Energy spectra of primary knock-on atoms under neutron irradiation

TL;DR

This paper introduces a rigorous methodology for calculating primary knock-on atom spectra under neutron irradiation, providing a detailed understanding of damage mechanisms beyond the traditional dpa measure.

Contribution

It presents a new approach to compute PKA spectra considering various recoiling species and energies, improving damage assessment accuracy in neutron-irradiated materials.

Findings

PKA spectra are complex and species-dependent.

PKA spectra vary with time, neutron field, and material.

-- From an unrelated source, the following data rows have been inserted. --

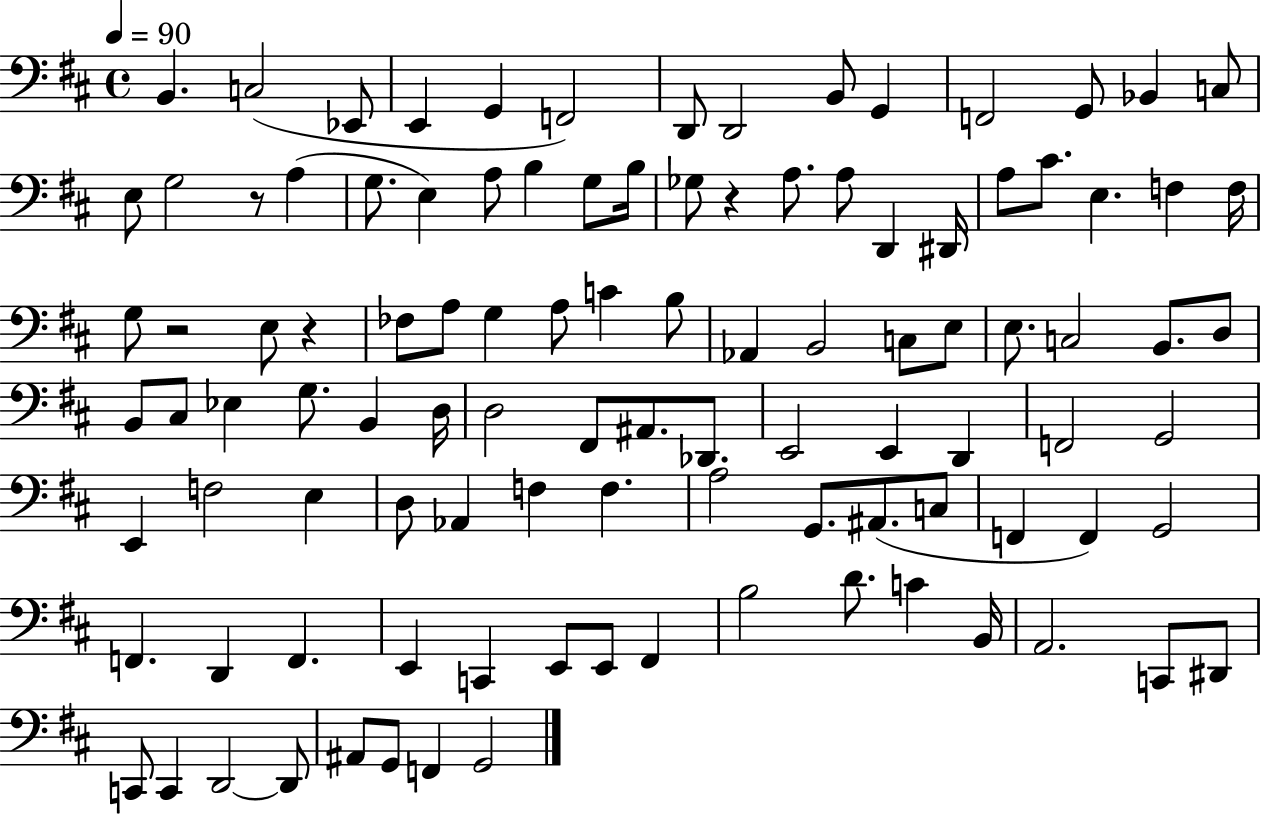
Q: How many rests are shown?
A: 4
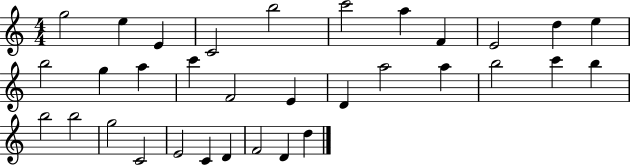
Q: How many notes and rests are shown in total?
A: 33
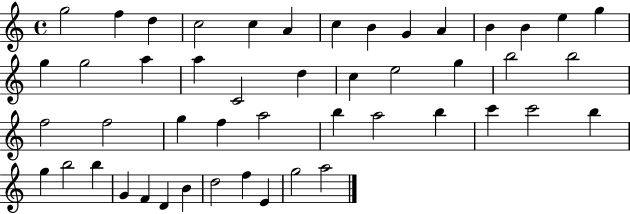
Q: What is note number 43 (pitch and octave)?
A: B4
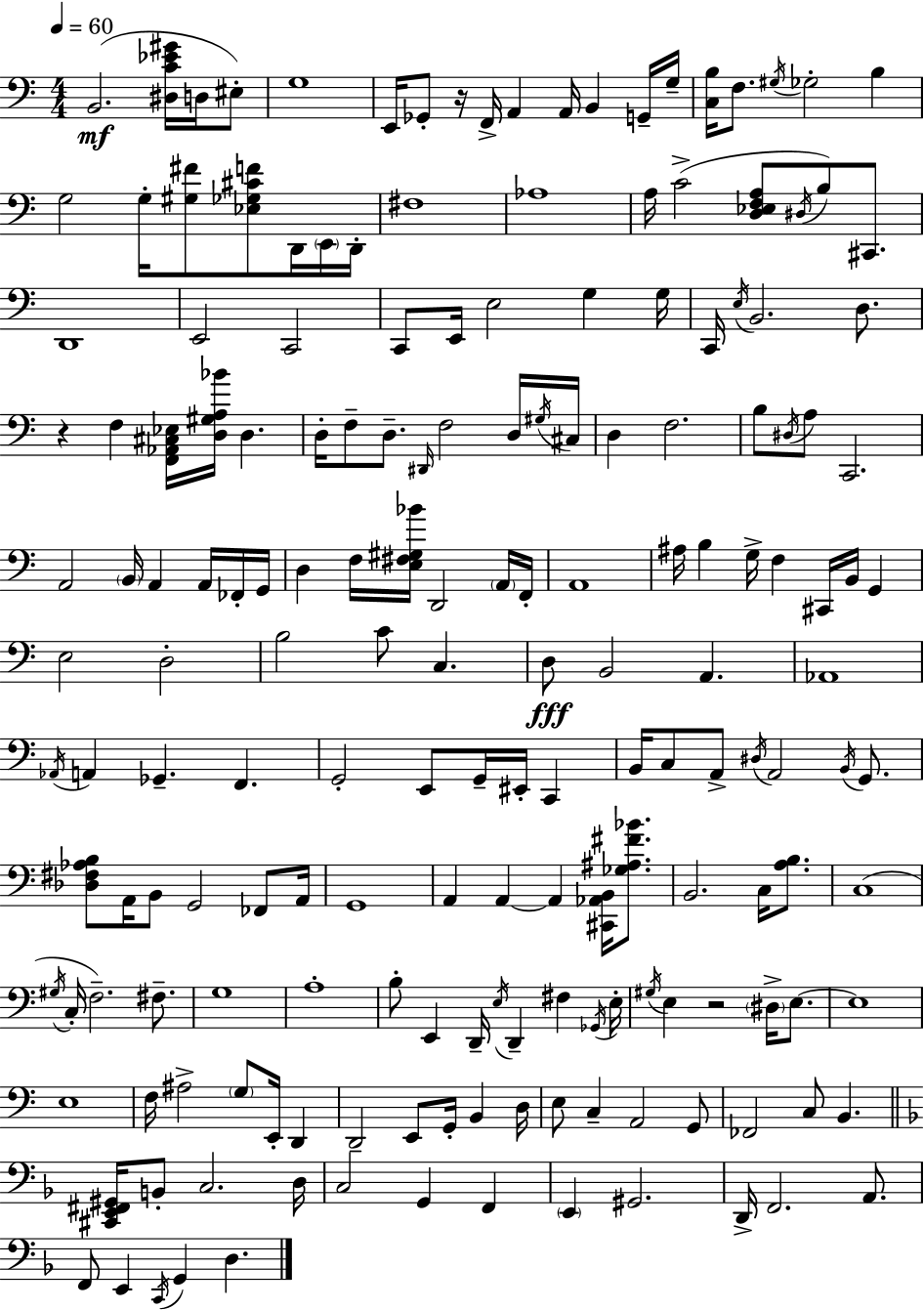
X:1
T:Untitled
M:4/4
L:1/4
K:C
B,,2 [^D,C_E^G]/4 D,/4 ^E,/2 G,4 E,,/4 _G,,/2 z/4 F,,/4 A,, A,,/4 B,, G,,/4 G,/4 [C,B,]/4 F,/2 ^G,/4 _G,2 B, G,2 G,/4 [^G,^F]/2 [_E,_G,^CF]/2 D,,/4 E,,/4 D,,/4 ^F,4 _A,4 A,/4 C2 [D,_E,F,A,]/2 ^D,/4 B,/2 ^C,,/2 D,,4 E,,2 C,,2 C,,/2 E,,/4 E,2 G, G,/4 C,,/4 E,/4 B,,2 D,/2 z F, [F,,_A,,^C,_E,]/4 [D,^G,A,_B]/4 D, D,/4 F,/2 D,/2 ^D,,/4 F,2 D,/4 ^G,/4 ^C,/4 D, F,2 B,/2 ^D,/4 A,/2 C,,2 A,,2 B,,/4 A,, A,,/4 _F,,/4 G,,/4 D, F,/4 [E,^F,^G,_B]/4 D,,2 A,,/4 F,,/4 A,,4 ^A,/4 B, G,/4 F, ^C,,/4 B,,/4 G,, E,2 D,2 B,2 C/2 C, D,/2 B,,2 A,, _A,,4 _A,,/4 A,, _G,, F,, G,,2 E,,/2 G,,/4 ^E,,/4 C,, B,,/4 C,/2 A,,/2 ^D,/4 A,,2 B,,/4 G,,/2 [_D,^F,_A,B,]/2 A,,/4 B,,/2 G,,2 _F,,/2 A,,/4 G,,4 A,, A,, A,, [^C,,_A,,B,,]/4 [_G,^A,^F_B]/2 B,,2 C,/4 [A,B,]/2 C,4 ^G,/4 C,/4 F,2 ^F,/2 G,4 A,4 B,/2 E,, D,,/4 E,/4 D,, ^F, _G,,/4 E,/4 ^G,/4 E, z2 ^D,/4 E,/2 E,4 E,4 F,/4 ^A,2 G,/2 E,,/4 D,, D,,2 E,,/2 G,,/4 B,, D,/4 E,/2 C, A,,2 G,,/2 _F,,2 C,/2 B,, [^C,,E,,^F,,^G,,]/4 B,,/2 C,2 D,/4 C,2 G,, F,, E,, ^G,,2 D,,/4 F,,2 A,,/2 F,,/2 E,, C,,/4 G,, D,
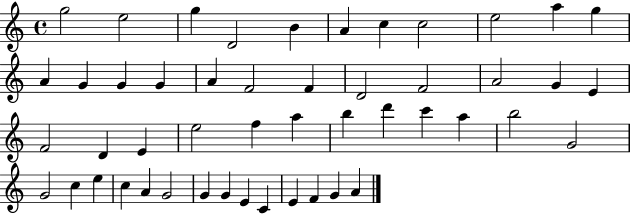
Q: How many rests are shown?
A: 0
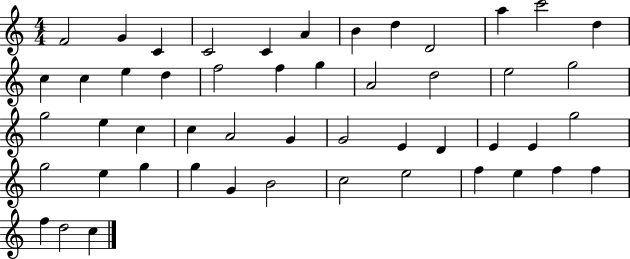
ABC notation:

X:1
T:Untitled
M:4/4
L:1/4
K:C
F2 G C C2 C A B d D2 a c'2 d c c e d f2 f g A2 d2 e2 g2 g2 e c c A2 G G2 E D E E g2 g2 e g g G B2 c2 e2 f e f f f d2 c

Different damage quantification methods yield comparable results.

Abstract

Materials subjected to neutron irradiation will suffer from a build-up of damage caused by the displacement cascades initiated by nuclear reactions. Previously, the main "measure" of this damage accumulation has been through the displacements per atom (dpa) index. There are known limitations associated with the dpa quantity and its domain of application and therefore this paper describes a more rigorous methodology to calculate the primary atomic recoil events (often called the primary knock-on atoms or PKAs) that lead to cascade damage events as a function of energy and recoiling species for any simulated or measured neutron irradiation scenario. Via examples of fusion relevant materials, it is shown that the PKA spectra can be complex, involving many different recoiling species, potentially differing in both proton and neutron number from the original target nuclei, including high energy recoils of light emitted particles such as alpha-particles and protons. The variations in PKA spectra as a function of time, neutron field, and material are explored. Example PKA spectra are applied to radiation damage quantification using the binary collision approximation and stochastic cluster dynamics, and the results from these different approaches are discussed and compared.